People working with the homeless say the arson attack is not unique. There are occasional small fires, from carelessness or attempts to keep warm. But major blazed that occur are, they charge, deliberately set.
 
The November fire at Liberty Village was not the first. In May, major blazes at this encampment and at Lamport Stadium were recorded. Officials, from the Mayor on down, never conceded the possibility that these were arson attacks against the homeless. No, they were convenient reminders that encampments were “unsafe, unhealthy and illegal”.
 
Shelter?
 
People in these encampments are homeless, they aren’t stupid. Whether charity or municipally run, shelters are brutal, unsafe environments, especially during the pandemic. Lack of privacy and dignity, violence, theft, strict times for arrival and morning departure: these are standard. 
 
Accounting just for housing costs, Vancouver has become the most expensive city in North America.

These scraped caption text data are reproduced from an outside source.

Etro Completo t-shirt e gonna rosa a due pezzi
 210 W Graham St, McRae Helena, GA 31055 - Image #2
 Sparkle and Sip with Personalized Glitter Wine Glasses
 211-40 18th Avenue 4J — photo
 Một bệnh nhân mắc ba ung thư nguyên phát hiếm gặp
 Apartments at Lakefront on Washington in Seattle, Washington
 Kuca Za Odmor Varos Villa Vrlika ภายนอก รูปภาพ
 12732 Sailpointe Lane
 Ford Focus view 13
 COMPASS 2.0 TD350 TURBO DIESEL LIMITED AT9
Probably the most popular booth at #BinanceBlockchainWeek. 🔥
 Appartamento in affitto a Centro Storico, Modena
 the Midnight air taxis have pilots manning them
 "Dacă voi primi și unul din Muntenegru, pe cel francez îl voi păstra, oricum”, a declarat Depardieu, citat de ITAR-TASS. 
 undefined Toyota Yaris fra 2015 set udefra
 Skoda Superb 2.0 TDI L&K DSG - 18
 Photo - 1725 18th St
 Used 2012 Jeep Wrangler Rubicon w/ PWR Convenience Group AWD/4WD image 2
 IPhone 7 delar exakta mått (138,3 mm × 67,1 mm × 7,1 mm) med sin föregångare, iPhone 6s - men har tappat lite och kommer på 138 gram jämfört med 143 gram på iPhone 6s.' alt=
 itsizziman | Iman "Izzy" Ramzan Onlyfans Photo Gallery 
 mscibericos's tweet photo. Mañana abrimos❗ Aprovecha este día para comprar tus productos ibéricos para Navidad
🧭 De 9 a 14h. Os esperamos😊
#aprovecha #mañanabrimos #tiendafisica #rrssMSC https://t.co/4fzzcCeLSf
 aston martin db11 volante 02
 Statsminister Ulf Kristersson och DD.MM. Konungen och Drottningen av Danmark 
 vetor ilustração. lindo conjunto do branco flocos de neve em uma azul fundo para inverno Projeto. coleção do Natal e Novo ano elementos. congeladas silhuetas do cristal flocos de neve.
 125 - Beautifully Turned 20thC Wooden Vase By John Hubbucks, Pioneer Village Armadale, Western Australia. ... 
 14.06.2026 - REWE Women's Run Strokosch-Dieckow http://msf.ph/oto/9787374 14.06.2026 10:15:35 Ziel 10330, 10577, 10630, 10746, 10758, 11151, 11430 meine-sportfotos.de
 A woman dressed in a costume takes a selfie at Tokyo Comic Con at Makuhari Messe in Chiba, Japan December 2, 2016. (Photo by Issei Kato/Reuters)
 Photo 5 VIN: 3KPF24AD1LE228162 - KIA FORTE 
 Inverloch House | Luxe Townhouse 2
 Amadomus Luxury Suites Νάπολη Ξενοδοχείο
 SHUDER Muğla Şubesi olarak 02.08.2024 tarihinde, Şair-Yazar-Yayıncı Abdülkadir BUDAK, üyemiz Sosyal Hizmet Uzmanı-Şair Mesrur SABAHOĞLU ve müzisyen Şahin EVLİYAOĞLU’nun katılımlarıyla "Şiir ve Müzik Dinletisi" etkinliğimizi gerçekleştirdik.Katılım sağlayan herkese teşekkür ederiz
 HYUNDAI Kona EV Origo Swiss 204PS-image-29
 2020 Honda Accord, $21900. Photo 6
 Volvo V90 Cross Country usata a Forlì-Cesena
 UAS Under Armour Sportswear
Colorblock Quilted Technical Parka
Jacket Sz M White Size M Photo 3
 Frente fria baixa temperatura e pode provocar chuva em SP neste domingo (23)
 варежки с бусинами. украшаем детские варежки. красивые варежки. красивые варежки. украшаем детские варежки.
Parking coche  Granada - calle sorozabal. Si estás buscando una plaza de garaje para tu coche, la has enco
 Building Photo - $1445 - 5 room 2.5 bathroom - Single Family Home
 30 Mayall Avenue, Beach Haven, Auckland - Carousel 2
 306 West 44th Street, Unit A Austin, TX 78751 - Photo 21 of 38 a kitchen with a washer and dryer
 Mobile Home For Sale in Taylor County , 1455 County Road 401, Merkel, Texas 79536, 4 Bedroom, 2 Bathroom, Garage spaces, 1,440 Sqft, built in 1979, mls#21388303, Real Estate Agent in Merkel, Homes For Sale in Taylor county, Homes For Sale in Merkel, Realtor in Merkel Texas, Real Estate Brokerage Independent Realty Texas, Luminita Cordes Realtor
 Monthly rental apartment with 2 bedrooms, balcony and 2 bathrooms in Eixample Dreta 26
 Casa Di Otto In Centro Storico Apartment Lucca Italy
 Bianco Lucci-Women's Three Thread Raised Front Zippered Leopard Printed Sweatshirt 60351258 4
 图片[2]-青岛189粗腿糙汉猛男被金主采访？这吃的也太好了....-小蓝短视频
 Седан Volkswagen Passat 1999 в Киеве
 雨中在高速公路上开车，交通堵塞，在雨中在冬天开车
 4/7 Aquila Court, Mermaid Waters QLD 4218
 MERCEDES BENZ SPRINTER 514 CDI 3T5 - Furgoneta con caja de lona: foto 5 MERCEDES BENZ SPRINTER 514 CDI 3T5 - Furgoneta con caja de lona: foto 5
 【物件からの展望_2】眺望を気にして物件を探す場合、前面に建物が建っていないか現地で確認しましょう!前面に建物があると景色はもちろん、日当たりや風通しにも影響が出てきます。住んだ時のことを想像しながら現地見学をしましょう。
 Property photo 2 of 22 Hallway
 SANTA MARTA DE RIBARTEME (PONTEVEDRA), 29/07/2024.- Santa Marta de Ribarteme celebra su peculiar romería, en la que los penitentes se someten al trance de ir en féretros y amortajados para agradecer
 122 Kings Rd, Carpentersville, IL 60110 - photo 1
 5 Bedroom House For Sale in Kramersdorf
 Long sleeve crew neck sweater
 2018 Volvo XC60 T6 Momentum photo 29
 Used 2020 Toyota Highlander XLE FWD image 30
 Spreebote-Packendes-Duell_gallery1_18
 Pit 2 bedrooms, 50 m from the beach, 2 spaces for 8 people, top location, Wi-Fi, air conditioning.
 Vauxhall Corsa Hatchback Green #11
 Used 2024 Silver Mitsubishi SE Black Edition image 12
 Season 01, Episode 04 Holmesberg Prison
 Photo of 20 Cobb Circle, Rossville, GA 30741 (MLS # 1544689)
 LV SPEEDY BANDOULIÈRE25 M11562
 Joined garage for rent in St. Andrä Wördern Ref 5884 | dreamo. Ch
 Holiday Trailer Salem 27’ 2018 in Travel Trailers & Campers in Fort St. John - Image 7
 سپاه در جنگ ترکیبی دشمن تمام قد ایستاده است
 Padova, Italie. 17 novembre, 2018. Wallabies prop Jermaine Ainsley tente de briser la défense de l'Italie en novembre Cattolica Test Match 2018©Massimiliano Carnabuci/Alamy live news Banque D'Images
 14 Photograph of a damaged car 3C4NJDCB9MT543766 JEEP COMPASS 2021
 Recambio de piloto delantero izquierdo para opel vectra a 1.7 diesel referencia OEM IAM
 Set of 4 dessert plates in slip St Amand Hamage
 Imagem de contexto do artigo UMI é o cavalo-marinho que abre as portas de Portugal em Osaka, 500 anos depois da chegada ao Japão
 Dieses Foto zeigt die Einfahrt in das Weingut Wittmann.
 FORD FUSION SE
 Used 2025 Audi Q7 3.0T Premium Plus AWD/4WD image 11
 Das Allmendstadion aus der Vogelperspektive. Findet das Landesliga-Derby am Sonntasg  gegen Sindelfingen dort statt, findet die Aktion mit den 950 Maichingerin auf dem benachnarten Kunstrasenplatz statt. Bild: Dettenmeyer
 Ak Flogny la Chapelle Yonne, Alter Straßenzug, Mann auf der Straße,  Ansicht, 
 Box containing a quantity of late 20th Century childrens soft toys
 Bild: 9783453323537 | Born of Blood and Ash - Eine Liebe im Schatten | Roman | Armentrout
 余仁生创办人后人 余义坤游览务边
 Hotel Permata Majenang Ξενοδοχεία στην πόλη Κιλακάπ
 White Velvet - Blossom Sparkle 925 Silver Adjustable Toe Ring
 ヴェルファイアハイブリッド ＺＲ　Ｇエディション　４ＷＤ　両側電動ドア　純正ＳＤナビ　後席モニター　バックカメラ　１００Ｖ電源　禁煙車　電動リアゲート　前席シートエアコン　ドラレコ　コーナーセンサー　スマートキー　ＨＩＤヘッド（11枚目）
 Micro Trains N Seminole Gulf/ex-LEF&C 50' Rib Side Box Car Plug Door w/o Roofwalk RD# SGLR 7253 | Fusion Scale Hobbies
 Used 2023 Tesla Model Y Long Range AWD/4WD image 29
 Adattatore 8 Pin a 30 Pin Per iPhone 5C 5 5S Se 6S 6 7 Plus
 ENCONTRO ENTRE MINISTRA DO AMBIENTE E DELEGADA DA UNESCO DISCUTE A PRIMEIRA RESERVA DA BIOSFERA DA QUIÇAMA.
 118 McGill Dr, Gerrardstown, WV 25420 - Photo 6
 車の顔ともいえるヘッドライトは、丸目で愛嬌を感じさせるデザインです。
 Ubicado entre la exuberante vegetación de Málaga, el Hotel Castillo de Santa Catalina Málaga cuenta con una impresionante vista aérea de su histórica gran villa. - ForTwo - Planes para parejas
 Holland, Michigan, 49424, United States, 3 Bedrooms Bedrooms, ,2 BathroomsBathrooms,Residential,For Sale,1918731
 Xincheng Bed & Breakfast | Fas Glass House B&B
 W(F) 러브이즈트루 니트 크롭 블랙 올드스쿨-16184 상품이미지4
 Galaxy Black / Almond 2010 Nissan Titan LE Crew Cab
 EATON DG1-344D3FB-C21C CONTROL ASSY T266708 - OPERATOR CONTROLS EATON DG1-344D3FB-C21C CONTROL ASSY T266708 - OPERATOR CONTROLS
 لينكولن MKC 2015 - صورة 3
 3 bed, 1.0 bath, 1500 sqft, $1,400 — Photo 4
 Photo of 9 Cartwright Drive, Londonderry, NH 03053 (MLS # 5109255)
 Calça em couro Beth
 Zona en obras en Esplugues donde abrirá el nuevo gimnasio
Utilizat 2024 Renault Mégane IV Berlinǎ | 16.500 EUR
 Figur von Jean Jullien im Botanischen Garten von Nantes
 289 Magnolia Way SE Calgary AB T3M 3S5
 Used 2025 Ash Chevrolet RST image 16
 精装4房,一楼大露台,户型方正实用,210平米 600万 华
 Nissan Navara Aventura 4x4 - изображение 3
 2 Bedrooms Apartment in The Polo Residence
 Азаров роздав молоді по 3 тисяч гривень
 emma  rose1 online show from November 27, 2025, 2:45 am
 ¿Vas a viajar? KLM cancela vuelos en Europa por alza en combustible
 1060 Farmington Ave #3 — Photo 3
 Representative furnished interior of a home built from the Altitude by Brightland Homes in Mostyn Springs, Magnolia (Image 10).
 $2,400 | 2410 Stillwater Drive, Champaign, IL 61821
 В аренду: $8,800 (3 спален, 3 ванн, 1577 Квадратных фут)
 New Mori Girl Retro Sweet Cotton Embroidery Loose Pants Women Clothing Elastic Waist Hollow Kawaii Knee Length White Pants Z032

Toronto is #5. As the cost of living in the city skyrockets, many of the inhabitants of our tent encampments are working at low-paying jobs. 
 
In a system that refuses either to pay a living wage or guarantee truly affordable housing, tent encampments become essential. Many homeless workers find tent cities are far better options than warehouse-style shelters, even in our brutal winter conditions. They provide a minimum of privacy and the ability to come and go according to the needs of employment, not rigid shelter rules. And they provide community, with people watching out for each other’s few belongings.
 
Much of the time the encampments are conveniently ignored, subject to minor harassment rather than major confrontation. But the City has consistently used fire safety as an excuse to violently attack them on occasion.
 
The most egregious example was the para-military assault on the large encampment in Toronto’s Alexandra Park in July. Nine people were arrested and dozens were uprooted, their possessions confiscated and destroyed. The justification was that neighbours were deprived use of the park. But the day after the clearance the park was fenced off – it had been rented to movie company as a location for filming.
 
Street pastor Doug Johnson Hatlem scoffed at the idea that the City is concerned about safety: “It’s overriding concern is to disappear these encampments, to make them invisible, to make homelessness an invisible issue. If it was about safety, their actions would be much, much different.”
 
One last issue: arsonists like Belanger and Laszio deliberately targeted the homeless. One’s motive was greed, and perhaps a scoop of racism on the side. The other’s motive is unclear. My question is: do they feel their violence against the vulnerable is justifiable when they witness the use of police force and violence used to clear encampments?
 
Whatever the answer, as I write there has been a major fire at a Hamilton encampment. It is not being investigated for arson. Police have used it as an excuse to disperse the homeless. To make them invisible.